# Problem statement
Return the records from the first line through the line containing "Volkswagen Golf 8", and leave out the pictures.

++++++++++

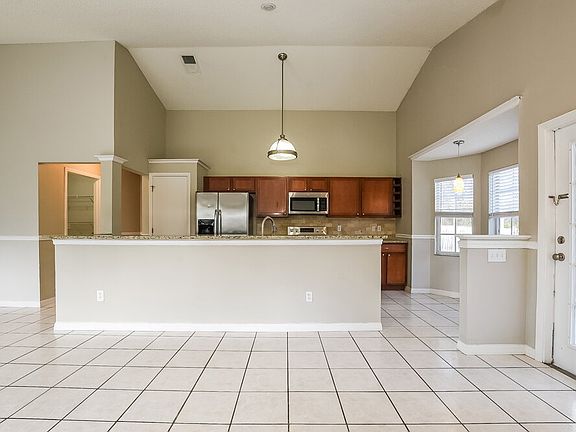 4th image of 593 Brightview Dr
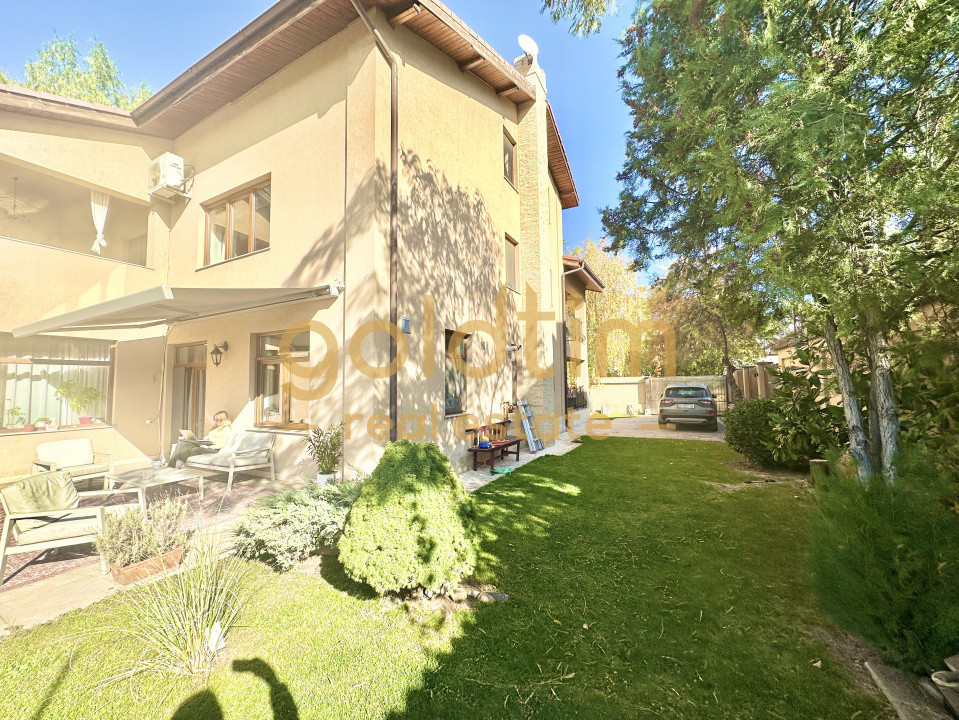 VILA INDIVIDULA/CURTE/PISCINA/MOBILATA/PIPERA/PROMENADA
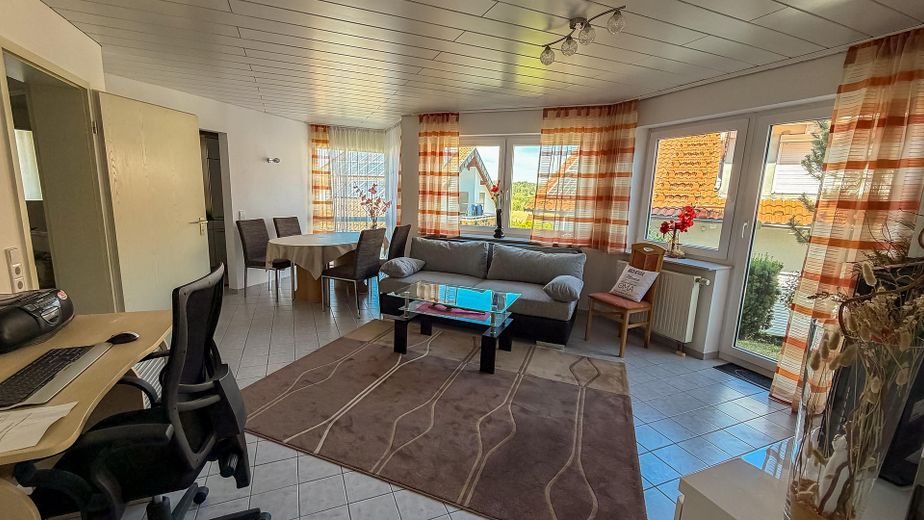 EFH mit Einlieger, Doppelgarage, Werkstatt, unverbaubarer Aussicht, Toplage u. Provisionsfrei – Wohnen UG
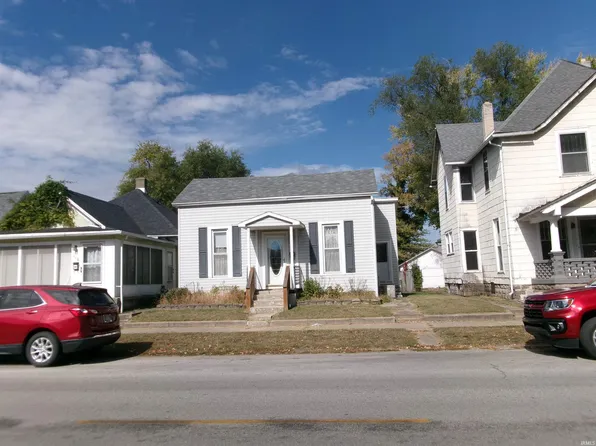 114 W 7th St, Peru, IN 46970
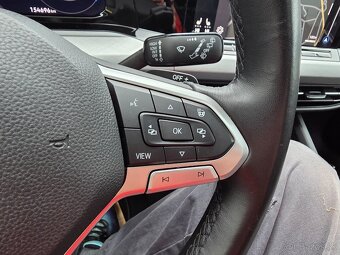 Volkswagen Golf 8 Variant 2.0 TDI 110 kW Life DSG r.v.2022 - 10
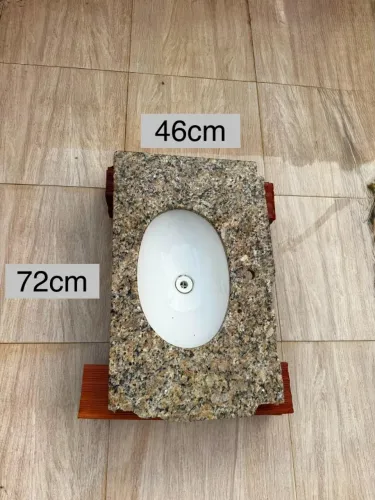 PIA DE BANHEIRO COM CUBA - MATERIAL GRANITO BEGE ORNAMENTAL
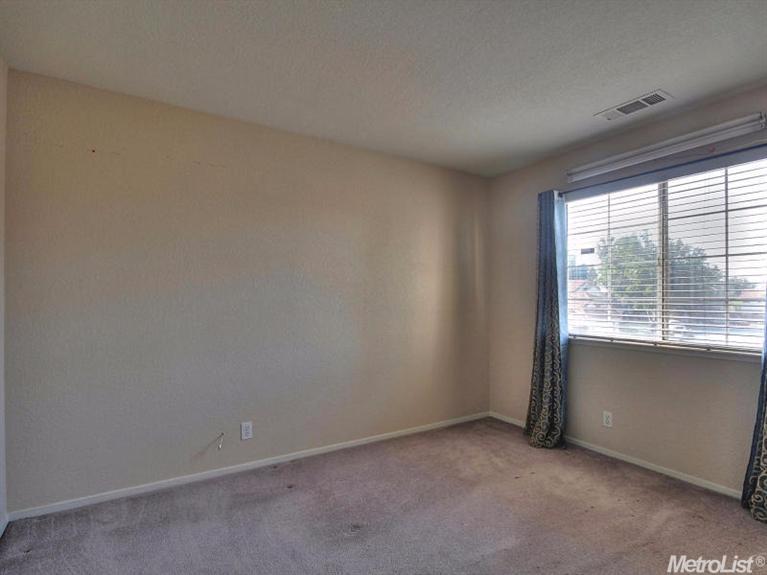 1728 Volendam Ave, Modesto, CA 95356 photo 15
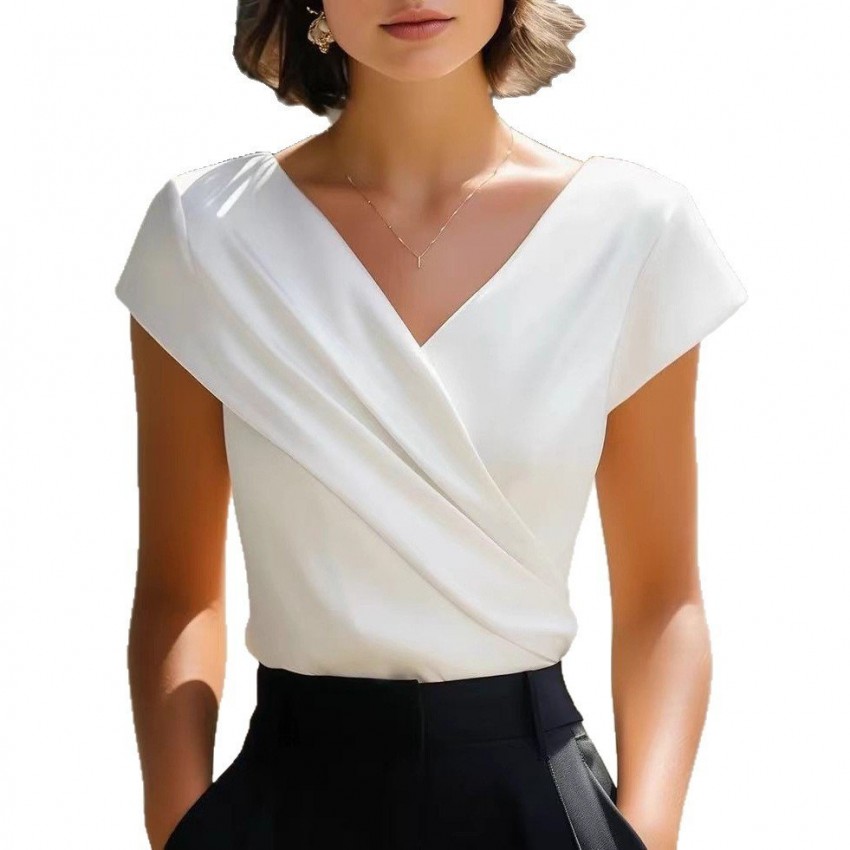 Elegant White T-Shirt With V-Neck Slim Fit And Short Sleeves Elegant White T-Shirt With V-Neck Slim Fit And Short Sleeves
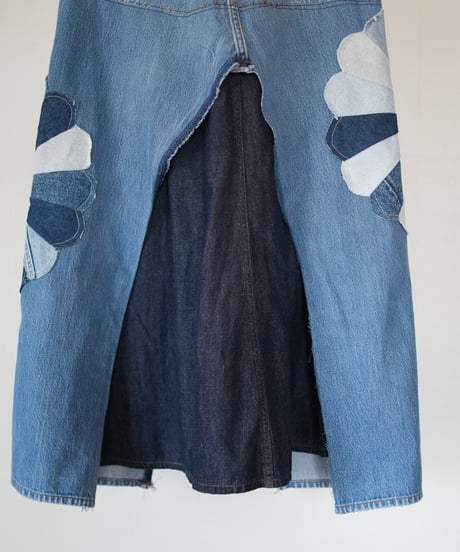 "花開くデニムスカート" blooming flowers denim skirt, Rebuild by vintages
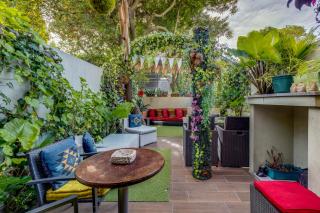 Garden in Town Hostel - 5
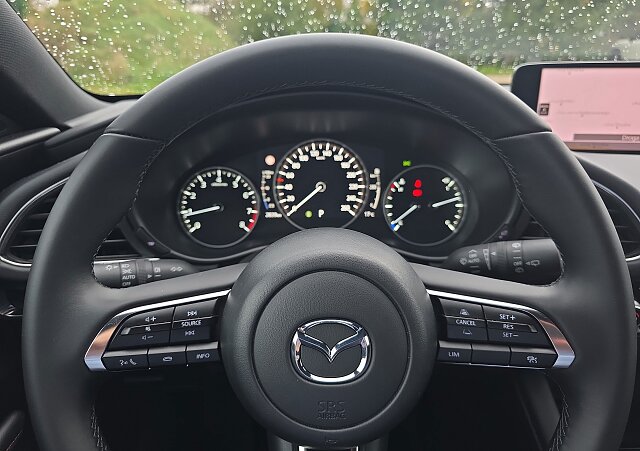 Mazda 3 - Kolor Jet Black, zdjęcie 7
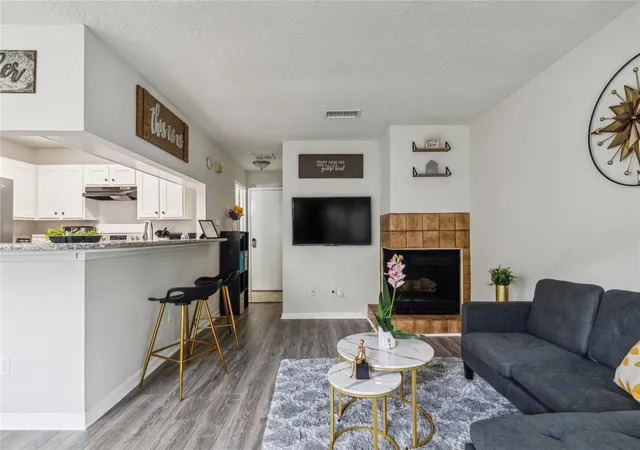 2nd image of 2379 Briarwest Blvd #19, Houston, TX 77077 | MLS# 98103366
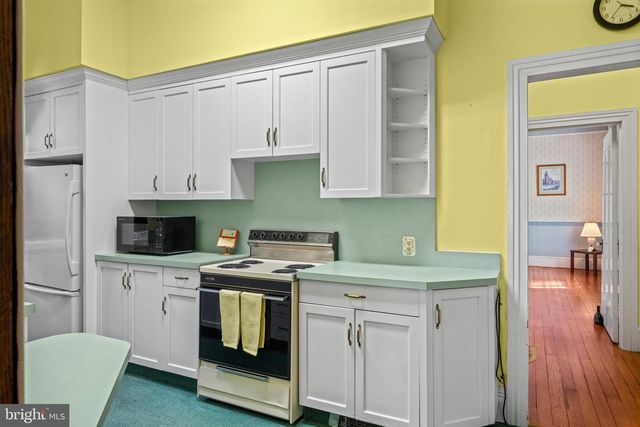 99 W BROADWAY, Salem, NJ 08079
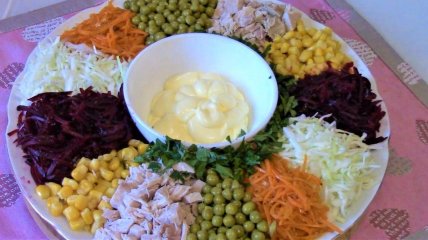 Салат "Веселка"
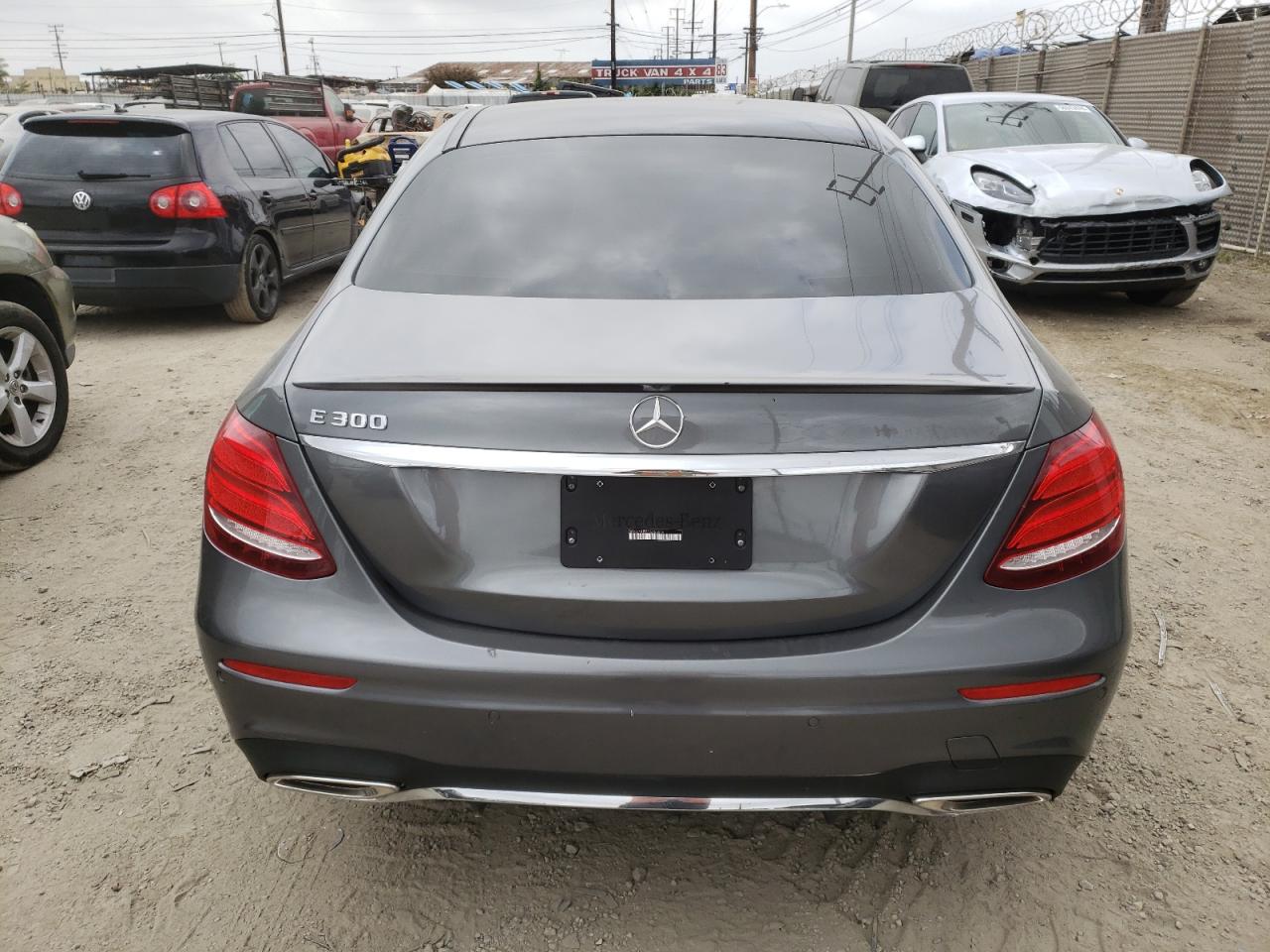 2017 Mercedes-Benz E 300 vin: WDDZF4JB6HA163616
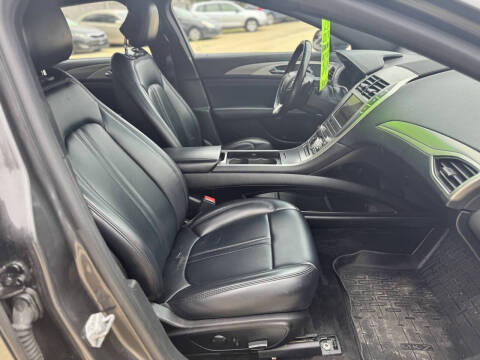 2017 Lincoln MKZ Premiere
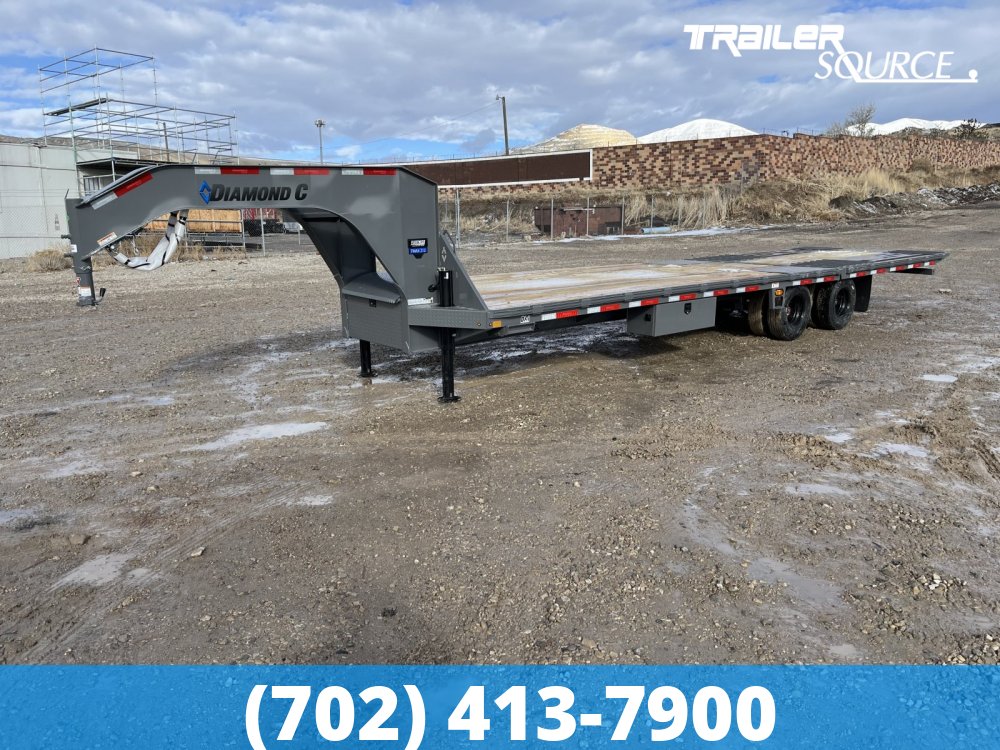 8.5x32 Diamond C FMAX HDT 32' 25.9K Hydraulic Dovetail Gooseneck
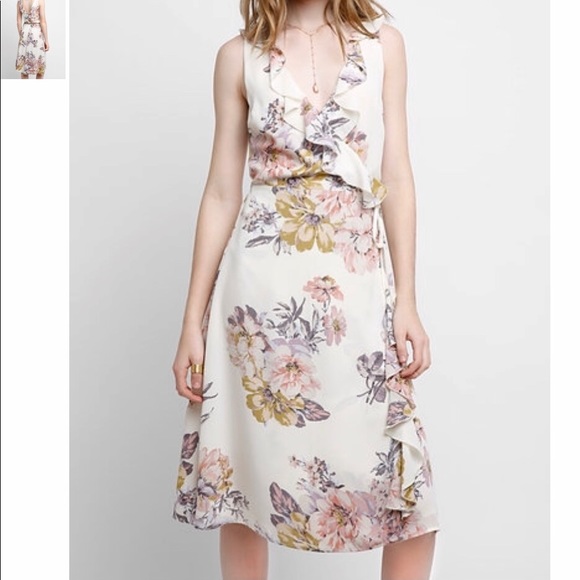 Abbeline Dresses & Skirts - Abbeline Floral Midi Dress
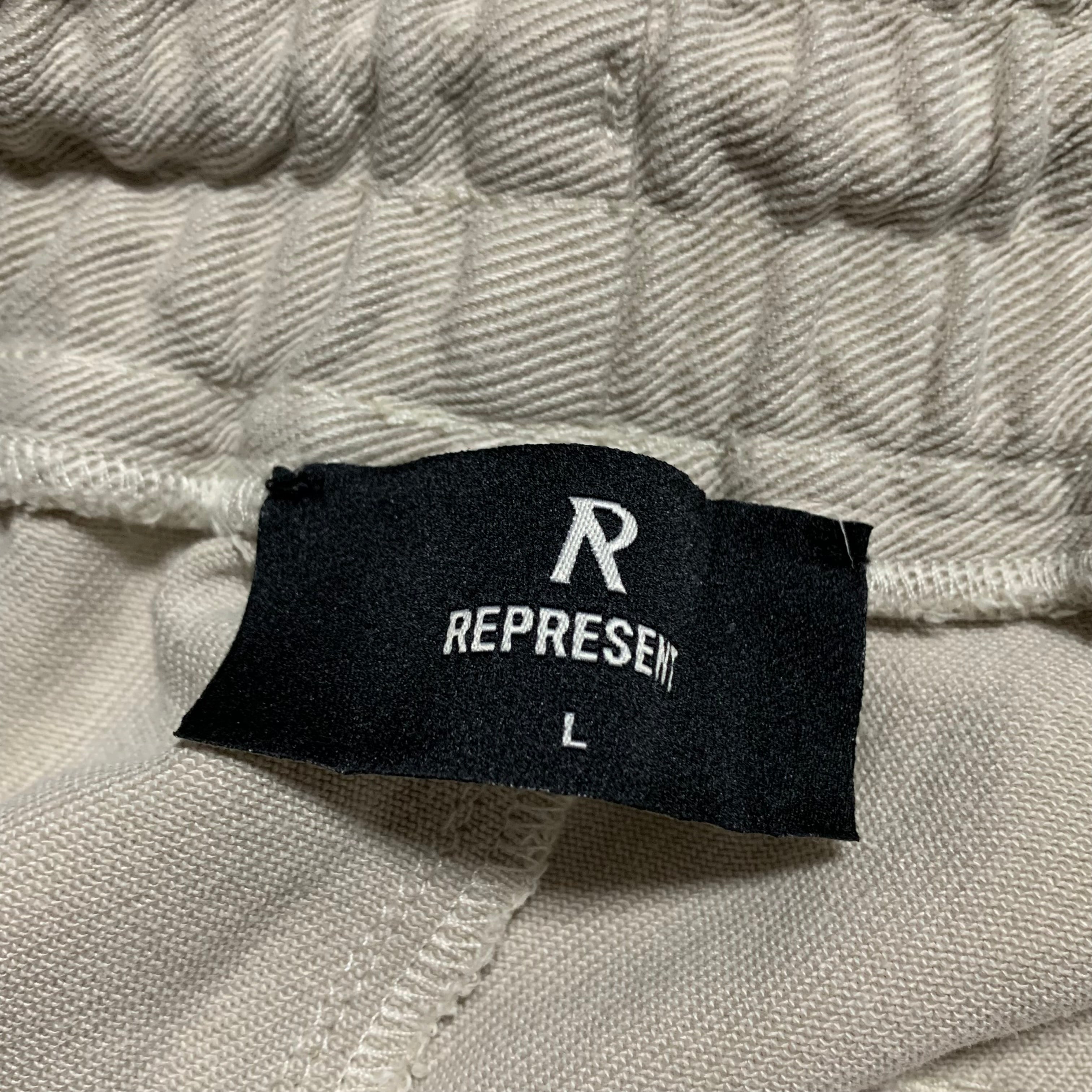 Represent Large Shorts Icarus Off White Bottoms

++++++++++

# Result of this task
 4th image of 593 Brightview Dr
 VILA INDIVIDULA/CURTE/PISCINA/MOBILATA/PIPERA/PROMENADA
 EFH mit Einlieger, Doppelgarage, Werkstatt, unverbaubarer Aussicht, Toplage u. Provisionsfrei – Wohnen UG
 114 W 7th St, Peru, IN 46970
 Volkswagen Golf 8 Variant 2.0 TDI 110 kW Life DSG r.v.2022 - 10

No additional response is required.